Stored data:
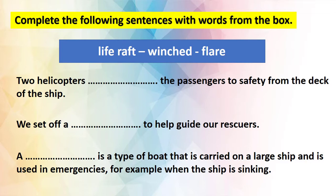Let's have a look at the first sentence: 'Two helicopters winched the passengers to safety from the deck of the ship.' The answer is winch. The second sentence: 'We set off a flare to help guide our rescuers.' The answer is flare. The last sentence: 'A life raft is a type of boat that is carried on a large ship and is used in emergencies — for example, when the ship is sinking.' The answer is life raft.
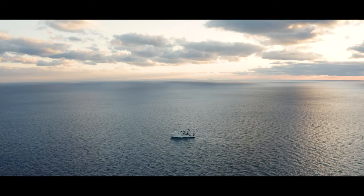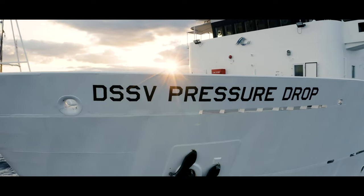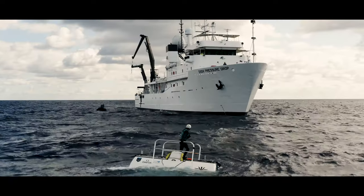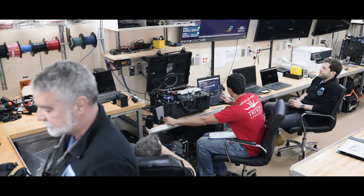This system consists of five components. The DSS-V Pressure Drop: this globally capable, long endurance and ultra-quiet vessel serves as the primary expedition platform. A 15 million dollar retrofit in 2018 included a multi-purpose mission control room.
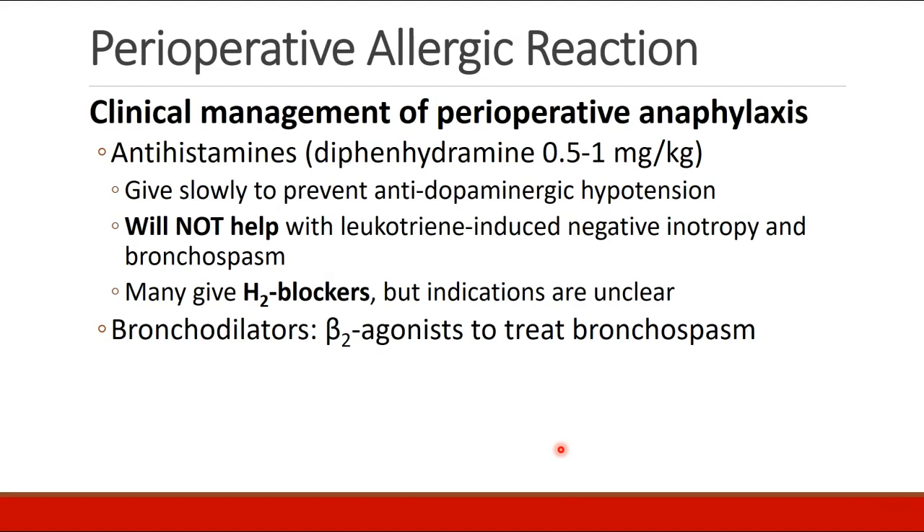After covering the first steps in management of perioperative anaphylaxis, we can touch on some other common therapies. One therapy is antihistamines, specifically diphenhydramine, 0.5 to 1 milligrams per kilogram, also known as Benadryl. This is a histamine antagonist and may prevent the side effects from the significant histamine release that occurs during anaphylaxis. Ideally it should be given slowly to prevent any antidopaminergic hypotension. There are also people who give H2 blockers — the indications are unclear, and the feeling is probably that it doesn't hurt, but you wouldn't want to delay more important therapies in order to give H2 blockers earlier.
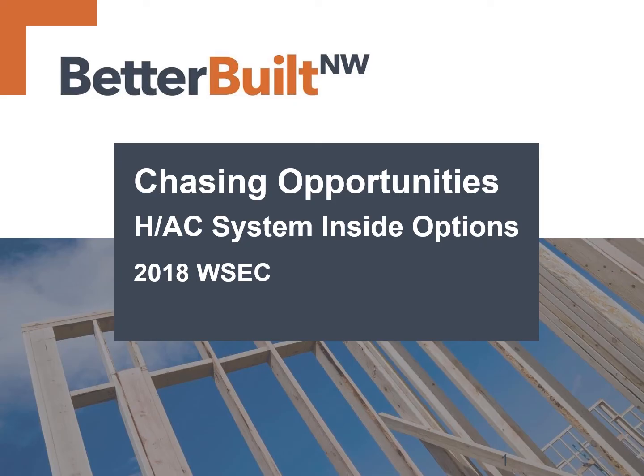Hello and welcome to this recorded presentation on Chasing Opportunities with the Washington State Energy Code. I'm your narrator Dan Wildenhouse with the Better Built Northwest program. In these presentations we'll dive into some techniques for meeting and exceeding code with various options from table 406.3 in the 2018 Washington State Energy Code. This session will focus on getting the heating and cooling systems and ductwork inside the conditioned volume of the home. Other modules will include building tight and ventilating right as well as advanced wall designs.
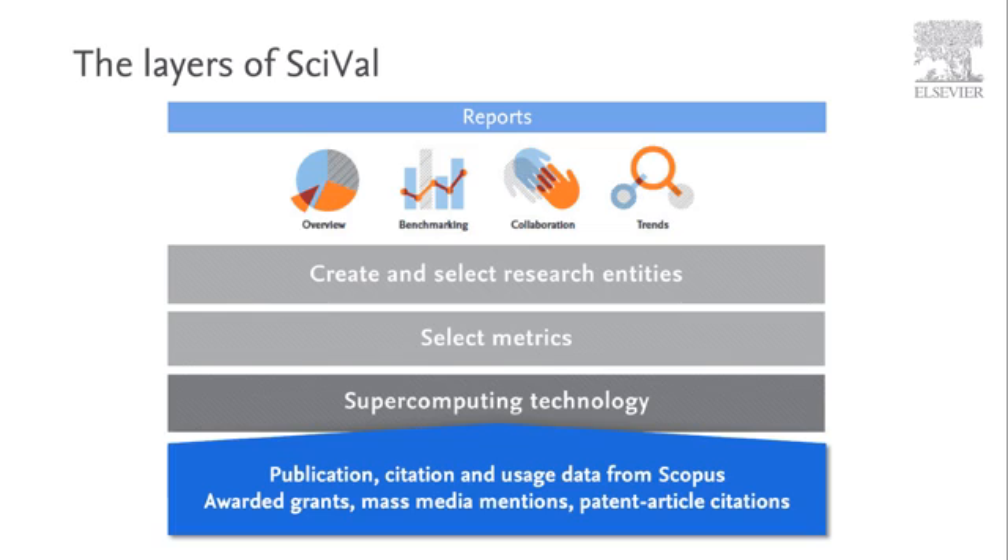SciVal consists of four modules: overview, benchmarking, collaboration and trends, all of which are underpinned by a common foundation, are fully integrated and can feed into the reporting.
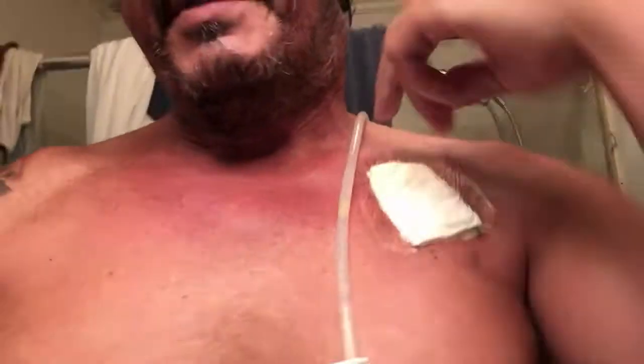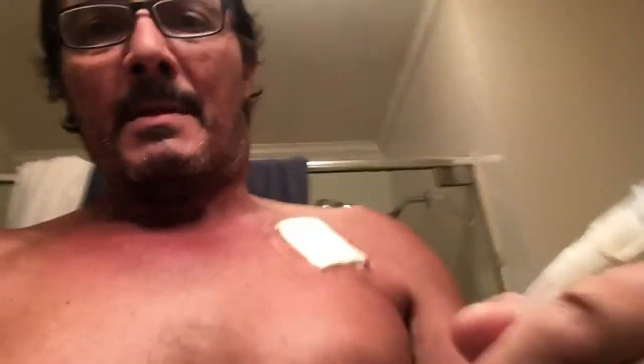I got the chemo port put in over here and the feeding tube over here — both put in on Monday. They did them both together, which made sense while you're under twilight sedation, where you're kind of aware but not fully. They did the chemo port and I felt it, but it was basically uneventful, very quick.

THE PROBLEM
The data above must be reproduced exactly, without any of its pictures.

OUTPUT OF THE EXERCISE
Let's have a look at the first sentence: 'Two helicopters winched the passengers to safety from the deck of the ship.' The answer is winch. The second sentence: 'We set off a flare to help guide our rescuers.' The answer is flare. The last sentence: 'A life raft is a type of boat that is carried on a large ship and is used in emergencies — for example, when the ship is sinking.' The answer is life raft.
This system consists of five components. The DSS-V Pressure Drop: this globally capable, long endurance and ultra-quiet vessel serves as the primary expedition platform. A 15 million dollar retrofit in 2018 included a multi-purpose mission control room.
After covering the first steps in management of perioperative anaphylaxis, we can touch on some other common therapies. One therapy is antihistamines, specifically diphenhydramine, 0.5 to 1 milligrams per kilogram, also known as Benadryl. This is a histamine antagonist and may prevent the side effects from the significant histamine release that occurs during anaphylaxis. Ideally it should be given slowly to prevent any antidopaminergic hypotension. There are also people who give H2 blockers — the indications are unclear, and the feeling is probably that it doesn't hurt, but you wouldn't want to delay more important therapies in order to give H2 blockers earlier.
Hello and welcome to this recorded presentation on Chasing Opportunities with the Washington State Energy Code. I'm your narrator Dan Wildenhouse with the Better Built Northwest program. In these presentations we'll dive into some techniques for meeting and exceeding code with various options from table 406.3 in the 2018 Washington State Energy Code. This session will focus on getting the heating and cooling systems and ductwork inside the conditioned volume of the home. Other modules will include building tight and ventilating right as well as advanced wall designs.
SciVal consists of four modules: overview, benchmarking, collaboration and trends, all of which are underpinned by a common foundation, are fully integrated and can feed into the reporting.
I got the chemo port put in over here and the feeding tube over here — both put in on Monday. They did them both together, which made sense while you're under twilight sedation, where you're kind of aware but not fully. They did the chemo port and I felt it, but it was basically uneventful, very quick.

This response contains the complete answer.